Stored entries:
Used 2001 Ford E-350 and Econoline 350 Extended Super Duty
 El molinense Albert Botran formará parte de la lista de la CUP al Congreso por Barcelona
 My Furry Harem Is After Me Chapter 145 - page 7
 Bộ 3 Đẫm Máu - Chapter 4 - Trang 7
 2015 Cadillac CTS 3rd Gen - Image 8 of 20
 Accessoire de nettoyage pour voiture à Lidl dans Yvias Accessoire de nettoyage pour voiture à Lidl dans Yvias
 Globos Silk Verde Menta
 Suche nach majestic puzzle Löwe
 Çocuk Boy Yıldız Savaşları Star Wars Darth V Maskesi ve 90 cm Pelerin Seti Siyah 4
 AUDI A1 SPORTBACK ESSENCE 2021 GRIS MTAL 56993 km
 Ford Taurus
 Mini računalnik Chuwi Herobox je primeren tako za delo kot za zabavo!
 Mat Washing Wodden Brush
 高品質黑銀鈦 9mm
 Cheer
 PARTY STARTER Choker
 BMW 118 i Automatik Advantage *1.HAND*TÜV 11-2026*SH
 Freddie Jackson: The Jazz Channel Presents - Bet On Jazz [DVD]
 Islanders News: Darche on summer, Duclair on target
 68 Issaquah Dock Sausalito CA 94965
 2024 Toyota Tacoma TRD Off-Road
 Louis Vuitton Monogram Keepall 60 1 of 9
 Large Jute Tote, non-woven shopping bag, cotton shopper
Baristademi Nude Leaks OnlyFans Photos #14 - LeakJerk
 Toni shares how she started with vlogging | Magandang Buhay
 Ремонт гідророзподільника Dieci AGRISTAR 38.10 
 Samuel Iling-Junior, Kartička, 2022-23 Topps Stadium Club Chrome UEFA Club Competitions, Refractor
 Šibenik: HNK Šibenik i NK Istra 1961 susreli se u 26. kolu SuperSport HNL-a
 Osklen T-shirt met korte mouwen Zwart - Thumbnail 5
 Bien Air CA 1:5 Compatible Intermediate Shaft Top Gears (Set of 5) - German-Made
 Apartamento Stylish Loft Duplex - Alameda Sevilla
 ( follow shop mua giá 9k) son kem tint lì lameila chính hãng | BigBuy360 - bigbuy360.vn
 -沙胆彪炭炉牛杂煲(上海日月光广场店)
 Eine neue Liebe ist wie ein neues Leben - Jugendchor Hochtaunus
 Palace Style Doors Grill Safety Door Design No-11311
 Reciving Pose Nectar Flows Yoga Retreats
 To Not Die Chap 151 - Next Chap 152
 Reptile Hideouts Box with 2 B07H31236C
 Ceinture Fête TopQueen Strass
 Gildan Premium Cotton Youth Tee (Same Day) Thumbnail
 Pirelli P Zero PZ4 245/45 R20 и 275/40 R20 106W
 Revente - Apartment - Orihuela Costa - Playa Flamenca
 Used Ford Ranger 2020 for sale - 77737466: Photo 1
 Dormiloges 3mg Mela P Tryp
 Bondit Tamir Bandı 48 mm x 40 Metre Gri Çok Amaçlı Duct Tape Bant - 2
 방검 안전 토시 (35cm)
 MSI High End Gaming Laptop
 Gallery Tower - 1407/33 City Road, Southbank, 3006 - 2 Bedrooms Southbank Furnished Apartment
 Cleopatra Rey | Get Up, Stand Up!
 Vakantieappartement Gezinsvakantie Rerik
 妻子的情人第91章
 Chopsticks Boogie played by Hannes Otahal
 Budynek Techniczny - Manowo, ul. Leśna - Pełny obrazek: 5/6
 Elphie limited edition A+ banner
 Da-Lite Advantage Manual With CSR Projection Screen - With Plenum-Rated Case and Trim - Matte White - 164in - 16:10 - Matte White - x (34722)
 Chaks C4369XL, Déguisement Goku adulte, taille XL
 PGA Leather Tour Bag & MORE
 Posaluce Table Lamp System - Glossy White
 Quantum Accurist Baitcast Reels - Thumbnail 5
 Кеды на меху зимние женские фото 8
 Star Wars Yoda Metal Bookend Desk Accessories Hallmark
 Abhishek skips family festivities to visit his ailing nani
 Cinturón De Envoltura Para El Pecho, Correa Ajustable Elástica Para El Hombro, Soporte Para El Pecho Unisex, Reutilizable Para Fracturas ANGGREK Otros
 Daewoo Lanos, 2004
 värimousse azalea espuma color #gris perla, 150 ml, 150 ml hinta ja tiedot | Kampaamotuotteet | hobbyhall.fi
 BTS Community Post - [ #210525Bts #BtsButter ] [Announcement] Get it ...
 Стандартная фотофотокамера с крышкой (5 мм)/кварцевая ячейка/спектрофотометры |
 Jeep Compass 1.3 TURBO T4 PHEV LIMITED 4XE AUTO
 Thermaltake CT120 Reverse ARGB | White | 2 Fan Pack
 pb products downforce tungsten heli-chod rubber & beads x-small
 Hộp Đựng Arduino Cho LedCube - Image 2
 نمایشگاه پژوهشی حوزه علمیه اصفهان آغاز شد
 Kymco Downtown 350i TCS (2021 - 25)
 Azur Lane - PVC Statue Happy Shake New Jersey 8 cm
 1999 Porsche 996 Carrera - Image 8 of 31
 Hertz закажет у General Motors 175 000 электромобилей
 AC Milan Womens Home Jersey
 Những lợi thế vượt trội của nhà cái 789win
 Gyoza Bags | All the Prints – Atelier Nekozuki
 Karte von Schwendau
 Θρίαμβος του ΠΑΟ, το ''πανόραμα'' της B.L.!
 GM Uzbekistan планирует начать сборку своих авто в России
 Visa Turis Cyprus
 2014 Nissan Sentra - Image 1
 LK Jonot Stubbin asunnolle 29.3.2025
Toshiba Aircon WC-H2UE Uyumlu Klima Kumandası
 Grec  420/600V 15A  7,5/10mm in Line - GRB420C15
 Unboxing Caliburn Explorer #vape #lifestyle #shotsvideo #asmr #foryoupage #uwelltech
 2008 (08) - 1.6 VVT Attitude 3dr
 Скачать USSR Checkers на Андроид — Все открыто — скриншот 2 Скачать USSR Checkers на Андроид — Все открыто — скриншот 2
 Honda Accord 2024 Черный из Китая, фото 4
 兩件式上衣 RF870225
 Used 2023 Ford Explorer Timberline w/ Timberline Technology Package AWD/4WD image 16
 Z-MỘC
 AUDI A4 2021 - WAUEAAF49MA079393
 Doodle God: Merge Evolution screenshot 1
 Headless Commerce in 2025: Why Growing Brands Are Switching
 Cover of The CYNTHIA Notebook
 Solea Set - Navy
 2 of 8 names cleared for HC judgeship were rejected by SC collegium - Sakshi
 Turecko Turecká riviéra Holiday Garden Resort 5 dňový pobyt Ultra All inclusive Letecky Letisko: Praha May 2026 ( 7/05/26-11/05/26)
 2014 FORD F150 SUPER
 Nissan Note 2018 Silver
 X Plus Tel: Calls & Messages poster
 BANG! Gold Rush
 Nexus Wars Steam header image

What is expected:
All entries are to be repeated exactly and completely.

Answer space:
Used 2001 Ford E-350 and Econoline 350 Extended Super Duty
 El molinense Albert Botran formará parte de la lista de la CUP al Congreso por Barcelona
 My Furry Harem Is After Me Chapter 145 - page 7
 Bộ 3 Đẫm Máu - Chapter 4 - Trang 7
 2015 Cadillac CTS 3rd Gen - Image 8 of 20
 Accessoire de nettoyage pour voiture à Lidl dans Yvias Accessoire de nettoyage pour voiture à Lidl dans Yvias
 Globos Silk Verde Menta
 Suche nach majestic puzzle Löwe
 Çocuk Boy Yıldız Savaşları Star Wars Darth V Maskesi ve 90 cm Pelerin Seti Siyah 4
 AUDI A1 SPORTBACK ESSENCE 2021 GRIS MTAL 56993 km
 Ford Taurus
 Mini računalnik Chuwi Herobox je primeren tako za delo kot za zabavo!
 Mat Washing Wodden Brush
 高品質黑銀鈦 9mm
 Cheer
 PARTY STARTER Choker
 BMW 118 i Automatik Advantage *1.HAND*TÜV 11-2026*SH
 Freddie Jackson: The Jazz Channel Presents - Bet On Jazz [DVD]
 Islanders News: Darche on summer, Duclair on target
 68 Issaquah Dock Sausalito CA 94965
 2024 Toyota Tacoma TRD Off-Road
 Louis Vuitton Monogram Keepall 60 1 of 9
 Large Jute Tote, non-woven shopping bag, cotton shopper
Baristademi Nude Leaks OnlyFans Photos #14 - LeakJerk
 Toni shares how she started with vlogging | Magandang Buhay
 Ремонт гідророзподільника Dieci AGRISTAR 38.10 
 Samuel Iling-Junior, Kartička, 2022-23 Topps Stadium Club Chrome UEFA Club Competitions, Refractor
 Šibenik: HNK Šibenik i NK Istra 1961 susreli se u 26. kolu SuperSport HNL-a
 Osklen T-shirt met korte mouwen Zwart - Thumbnail 5
 Bien Air CA 1:5 Compatible Intermediate Shaft Top Gears (Set of 5) - German-Made
 Apartamento Stylish Loft Duplex - Alameda Sevilla
 ( follow shop mua giá 9k) son kem tint lì lameila chính hãng | BigBuy360 - bigbuy360.vn
 -沙胆彪炭炉牛杂煲(上海日月光广场店)
 Eine neue Liebe ist wie ein neues Leben - Jugendchor Hochtaunus
 Palace Style Doors Grill Safety Door Design No-11311
 Reciving Pose Nectar Flows Yoga Retreats
 To Not Die Chap 151 - Next Chap 152
 Reptile Hideouts Box with 2 B07H31236C
 Ceinture Fête TopQueen Strass
 Gildan Premium Cotton Youth Tee (Same Day) Thumbnail
 Pirelli P Zero PZ4 245/45 R20 и 275/40 R20 106W
 Revente - Apartment - Orihuela Costa - Playa Flamenca
 Used Ford Ranger 2020 for sale - 77737466: Photo 1
 Dormiloges 3mg Mela P Tryp
 Bondit Tamir Bandı 48 mm x 40 Metre Gri Çok Amaçlı Duct Tape Bant - 2
 방검 안전 토시 (35cm)
 MSI High End Gaming Laptop
 Gallery Tower - 1407/33 City Road, Southbank, 3006 - 2 Bedrooms Southbank Furnished Apartment
 Cleopatra Rey | Get Up, Stand Up!
 Vakantieappartement Gezinsvakantie Rerik
 妻子的情人第91章
 Chopsticks Boogie played by Hannes Otahal
 Budynek Techniczny - Manowo, ul. Leśna - Pełny obrazek: 5/6
 Elphie limited edition A+ banner
 Da-Lite Advantage Manual With CSR Projection Screen - With Plenum-Rated Case and Trim - Matte White - 164in - 16:10 - Matte White - x (34722)
 Chaks C4369XL, Déguisement Goku adulte, taille XL
 PGA Leather Tour Bag & MORE
 Posaluce Table Lamp System - Glossy White
 Quantum Accurist Baitcast Reels - Thumbnail 5
 Кеды на меху зимние женские фото 8
 Star Wars Yoda Metal Bookend Desk Accessories Hallmark
 Abhishek skips family festivities to visit his ailing nani
 Cinturón De Envoltura Para El Pecho, Correa Ajustable Elástica Para El Hombro, Soporte Para El Pecho Unisex, Reutilizable Para Fracturas ANGGREK Otros
 Daewoo Lanos, 2004
 värimousse azalea espuma color #gris perla, 150 ml, 150 ml hinta ja tiedot | Kampaamotuotteet | hobbyhall.fi
 BTS Community Post - [ #210525Bts #BtsButter ] [Announcement] Get it ...
 Стандартная фотофотокамера с крышкой (5 мм)/кварцевая ячейка/спектрофотометры |
 Jeep Compass 1.3 TURBO T4 PHEV LIMITED 4XE AUTO
 Thermaltake CT120 Reverse ARGB | White | 2 Fan Pack
 pb products downforce tungsten heli-chod rubber & beads x-small
 Hộp Đựng Arduino Cho LedCube - Image 2
 نمایشگاه پژوهشی حوزه علمیه اصفهان آغاز شد
 Kymco Downtown 350i TCS (2021 - 25)
 Azur Lane - PVC Statue Happy Shake New Jersey 8 cm
 1999 Porsche 996 Carrera - Image 8 of 31
 Hertz закажет у General Motors 175 000 электромобилей
 AC Milan Womens Home Jersey
 Những lợi thế vượt trội của nhà cái 789win
 Gyoza Bags | All the Prints – Atelier Nekozuki
 Karte von Schwendau
 Θρίαμβος του ΠΑΟ, το ''πανόραμα'' της B.L.!
 GM Uzbekistan планирует начать сборку своих авто в России
 Visa Turis Cyprus
 2014 Nissan Sentra - Image 1
 LK Jonot Stubbin asunnolle 29.3.2025
Toshiba Aircon WC-H2UE Uyumlu Klima Kumandası
 Grec  420/600V 15A  7,5/10mm in Line - GRB420C15
 Unboxing Caliburn Explorer #vape #lifestyle #shotsvideo #asmr #foryoupage #uwelltech
 2008 (08) - 1.6 VVT Attitude 3dr
 Скачать USSR Checkers на Андроид — Все открыто — скриншот 2 Скачать USSR Checkers на Андроид — Все открыто — скриншот 2
 Honda Accord 2024 Черный из Китая, фото 4
 兩件式上衣 RF870225
 Used 2023 Ford Explorer Timberline w/ Timberline Technology Package AWD/4WD image 16
 Z-MỘC
 AUDI A4 2021 - WAUEAAF49MA079393
 Doodle God: Merge Evolution screenshot 1
 Headless Commerce in 2025: Why Growing Brands Are Switching
 Cover of The CYNTHIA Notebook
 Solea Set - Navy
 2 of 8 names cleared for HC judgeship were rejected by SC collegium - Sakshi
 Turecko Turecká riviéra Holiday Garden Resort 5 dňový pobyt Ultra All inclusive Letecky Letisko: Praha May 2026 ( 7/05/26-11/05/26)
 2014 FORD F150 SUPER
 Nissan Note 2018 Silver
 X Plus Tel: Calls & Messages poster
 BANG! Gold Rush
 Nexus Wars Steam header image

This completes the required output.